Sevgi Saygı'nın ilk romanı Gezgin, ON8 Kitap’la tekrar raflarda. Yıllarca sinema filmlerinde yönetmen asistanı olarak çalışan, filmlerin ve televizyon dizilerinin senaryolarında katkısı bulunan Saygı, bu kitabında da sinematografik bir dil tutturuyor. İnce ayrıntıları, güçlü görselliği ve okuru sarsan diyaloglarıyla roman, gizemli bir gezginin seyir defterinin karanlık yönlerini açığa çıkarıyor.
Gezgin, bilmediğimiz bir zamanın başlangıcından beri hep olduğu gibi, kitabın başında da yollarda. Küçük bir kasabaya gelir önce. Ne amaçla yolda olduğunu ya da o kasabaya geldiğini bilmeyiz. Sonra o beklenmedik ilk hamleyi yapar ve aklımızda ilk soru işaretini oluşturur. Sonra tekrar düşer yola. Yağmur, onu planladığı yoldan bambaşka bir yere sürükler. Karşısına çıkan bir tilki, yakınlardaki bir köye gitmesine neden olur ve orada, hayatını değiştirecek olan o eve girer. Yatacak ve karnını doyuracak bir yer ararken, kendisini yaşlı bir adam ve onun, evin her işine koşturan kızının evinde uzun sürecek, “zorunlu” bir misafirlikte bulur. O evde kendisini sorgular, evin gizemli dinginliğine isyan eder, krizlere girer, hatta hasta olur.
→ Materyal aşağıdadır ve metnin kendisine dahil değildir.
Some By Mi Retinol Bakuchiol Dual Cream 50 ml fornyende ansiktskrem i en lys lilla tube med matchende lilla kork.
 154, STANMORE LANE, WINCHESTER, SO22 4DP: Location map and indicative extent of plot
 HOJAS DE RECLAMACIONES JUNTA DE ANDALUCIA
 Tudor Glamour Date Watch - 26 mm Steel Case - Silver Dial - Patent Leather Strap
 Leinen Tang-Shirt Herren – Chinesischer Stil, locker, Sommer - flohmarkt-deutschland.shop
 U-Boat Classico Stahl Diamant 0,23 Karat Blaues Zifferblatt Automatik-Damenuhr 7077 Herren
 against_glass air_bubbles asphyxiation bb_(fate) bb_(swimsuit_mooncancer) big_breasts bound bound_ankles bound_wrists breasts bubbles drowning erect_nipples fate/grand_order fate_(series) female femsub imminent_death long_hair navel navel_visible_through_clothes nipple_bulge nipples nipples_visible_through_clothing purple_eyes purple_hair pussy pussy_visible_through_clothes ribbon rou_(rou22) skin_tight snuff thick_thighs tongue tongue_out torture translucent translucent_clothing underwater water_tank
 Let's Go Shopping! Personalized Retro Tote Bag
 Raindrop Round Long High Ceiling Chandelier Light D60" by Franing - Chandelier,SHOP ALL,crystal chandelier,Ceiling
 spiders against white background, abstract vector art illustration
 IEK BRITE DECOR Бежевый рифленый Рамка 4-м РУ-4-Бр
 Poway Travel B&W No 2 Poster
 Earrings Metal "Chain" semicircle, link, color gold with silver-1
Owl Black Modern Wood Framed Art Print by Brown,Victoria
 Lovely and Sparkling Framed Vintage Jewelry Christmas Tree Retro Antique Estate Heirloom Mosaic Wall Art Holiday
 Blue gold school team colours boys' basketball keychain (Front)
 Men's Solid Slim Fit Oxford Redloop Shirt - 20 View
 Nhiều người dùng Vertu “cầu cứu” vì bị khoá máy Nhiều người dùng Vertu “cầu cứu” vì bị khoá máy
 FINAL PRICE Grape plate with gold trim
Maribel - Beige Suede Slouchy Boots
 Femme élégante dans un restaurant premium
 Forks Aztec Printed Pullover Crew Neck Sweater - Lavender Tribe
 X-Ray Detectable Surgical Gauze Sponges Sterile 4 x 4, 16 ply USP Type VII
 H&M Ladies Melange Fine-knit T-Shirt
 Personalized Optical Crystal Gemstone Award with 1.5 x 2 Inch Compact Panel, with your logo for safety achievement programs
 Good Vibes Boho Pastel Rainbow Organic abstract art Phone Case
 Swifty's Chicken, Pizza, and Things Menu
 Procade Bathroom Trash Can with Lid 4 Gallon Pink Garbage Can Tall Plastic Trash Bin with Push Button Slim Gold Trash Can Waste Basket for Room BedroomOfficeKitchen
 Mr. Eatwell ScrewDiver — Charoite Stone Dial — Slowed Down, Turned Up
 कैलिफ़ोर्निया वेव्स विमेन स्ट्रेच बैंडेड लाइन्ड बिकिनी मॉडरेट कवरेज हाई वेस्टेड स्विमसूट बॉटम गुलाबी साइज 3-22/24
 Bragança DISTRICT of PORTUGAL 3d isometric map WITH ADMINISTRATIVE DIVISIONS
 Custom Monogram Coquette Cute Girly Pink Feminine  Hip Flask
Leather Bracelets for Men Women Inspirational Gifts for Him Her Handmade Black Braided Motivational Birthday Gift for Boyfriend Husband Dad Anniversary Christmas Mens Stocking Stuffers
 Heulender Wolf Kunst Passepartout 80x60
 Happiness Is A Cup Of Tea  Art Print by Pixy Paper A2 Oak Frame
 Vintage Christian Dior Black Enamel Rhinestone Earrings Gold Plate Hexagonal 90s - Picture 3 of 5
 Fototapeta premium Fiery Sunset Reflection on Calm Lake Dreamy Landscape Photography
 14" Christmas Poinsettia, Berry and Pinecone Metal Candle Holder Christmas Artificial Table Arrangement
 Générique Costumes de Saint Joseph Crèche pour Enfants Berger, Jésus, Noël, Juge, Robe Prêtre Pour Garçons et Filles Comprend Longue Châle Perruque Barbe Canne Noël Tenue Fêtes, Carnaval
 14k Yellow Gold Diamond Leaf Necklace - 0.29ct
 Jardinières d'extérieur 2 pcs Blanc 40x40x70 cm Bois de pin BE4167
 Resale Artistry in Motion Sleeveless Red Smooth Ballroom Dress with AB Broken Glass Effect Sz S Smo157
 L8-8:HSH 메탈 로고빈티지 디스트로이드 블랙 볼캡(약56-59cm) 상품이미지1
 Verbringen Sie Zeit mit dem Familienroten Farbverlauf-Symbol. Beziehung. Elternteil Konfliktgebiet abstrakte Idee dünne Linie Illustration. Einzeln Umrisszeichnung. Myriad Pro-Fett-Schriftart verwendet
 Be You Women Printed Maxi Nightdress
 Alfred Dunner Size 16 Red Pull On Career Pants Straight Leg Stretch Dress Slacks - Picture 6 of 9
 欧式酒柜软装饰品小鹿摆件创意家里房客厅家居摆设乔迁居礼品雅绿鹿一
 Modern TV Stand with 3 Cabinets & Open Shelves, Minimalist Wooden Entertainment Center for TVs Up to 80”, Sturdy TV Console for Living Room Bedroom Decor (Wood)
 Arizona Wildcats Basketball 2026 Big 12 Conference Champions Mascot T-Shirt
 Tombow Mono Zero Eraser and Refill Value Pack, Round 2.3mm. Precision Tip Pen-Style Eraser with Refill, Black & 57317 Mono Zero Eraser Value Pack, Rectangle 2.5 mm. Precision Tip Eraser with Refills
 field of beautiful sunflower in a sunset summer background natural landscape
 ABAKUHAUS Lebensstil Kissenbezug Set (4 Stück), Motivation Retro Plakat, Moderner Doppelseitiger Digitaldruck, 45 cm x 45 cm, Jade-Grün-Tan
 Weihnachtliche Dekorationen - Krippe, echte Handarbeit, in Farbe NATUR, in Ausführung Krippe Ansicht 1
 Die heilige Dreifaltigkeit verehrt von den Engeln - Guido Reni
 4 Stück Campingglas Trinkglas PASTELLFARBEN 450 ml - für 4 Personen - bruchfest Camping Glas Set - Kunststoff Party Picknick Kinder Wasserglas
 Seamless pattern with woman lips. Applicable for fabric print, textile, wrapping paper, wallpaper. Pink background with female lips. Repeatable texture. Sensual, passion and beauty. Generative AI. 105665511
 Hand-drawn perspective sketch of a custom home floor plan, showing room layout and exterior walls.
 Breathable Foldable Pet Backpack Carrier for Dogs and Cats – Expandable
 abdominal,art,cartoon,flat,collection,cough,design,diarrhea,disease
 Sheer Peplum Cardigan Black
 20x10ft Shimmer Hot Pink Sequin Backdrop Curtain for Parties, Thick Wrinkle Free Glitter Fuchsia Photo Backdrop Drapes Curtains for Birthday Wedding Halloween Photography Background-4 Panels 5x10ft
Dayanamayıp evden kaçmayı denese bile, ne yollar onun tarafında gibidir artık, ne de doğa koşulları. Evde kalıp, sessizliği ve evdeki herkesin sırayla anlattığı öyküleri dinler. Onlar anlattıkça, Gezgin anlam veremediği bu köy hayatı üzerine tekrar düşünür. Evdekilerle ilişkisi, kendisine rağmen gittikçe derinleşir.
“Gezginler hakkında hiçbir şey bilmiyorsun, değil mi? Onlar yanlarına gereksiz hiçbir şey almazlar. Duygu bile,” der Gezgin. Bu köye de, motoru hariç bütün eşyasından ve duygularından arınarak gelmiştir. Ancak o evde, sahip olduğu üç beş eşyayla ilişkisi bile değişir. Önce motoruna binmeyi bırakır, derken bir yangında giysilerini kaybeder ve gezdiği yerler hakkında tuttuğu notlarının olduğu defter zarar görür. Bu istemsiz bir arınma mıdır? Yoksa yeni bir şeylerin başlangıcı mı?
Ama bir an olsun bu köy evinde tıkılıp kalmak istemez Gezgin. "Benim için mutluluk yolda olmak. Anlıyor musun? Anlamasan da önemli değil. Sizler doğduğunuz yerde ölürsünüz. Gitmenin tadını bilmek gerekir beni anlaman için," der. Peki, neden bir yandan bu köy evine bu kadar bağlanmış görünmektedir? Sadece yolları tıkayan kar yüzünden mi? Yoksa yaşadığı çelişkilerin hoşuna gitmesinden mi? Köylü kızın gösterdiği şefkat yüzünden mi? Yoksa kızın hayatta onu şaşırtan tek insan olmasından dolayı mı? Ya da, “Dinlemem gerektiğini; ayırt etmem gerektiğini, anlamam gerektiğini; vazgeçmemem, umut etmem ve sevmem gerektiğini...” öğrendiği için mi?
Gezgin, işte bu arayışların romanı. Gezgin her ne kadar bir şey aramak için yola çıkmadıysa da, buldukları onu bambaşka bir yere götürür. Biz okurlar da, Gezgin'in çıktığı yolculuğun dışında bir yolculuğa, karmaşık bir ruhun gizemlerine dalıyoruz. Gizemli bir seyir defterinin gün ışığına çıkması gibi.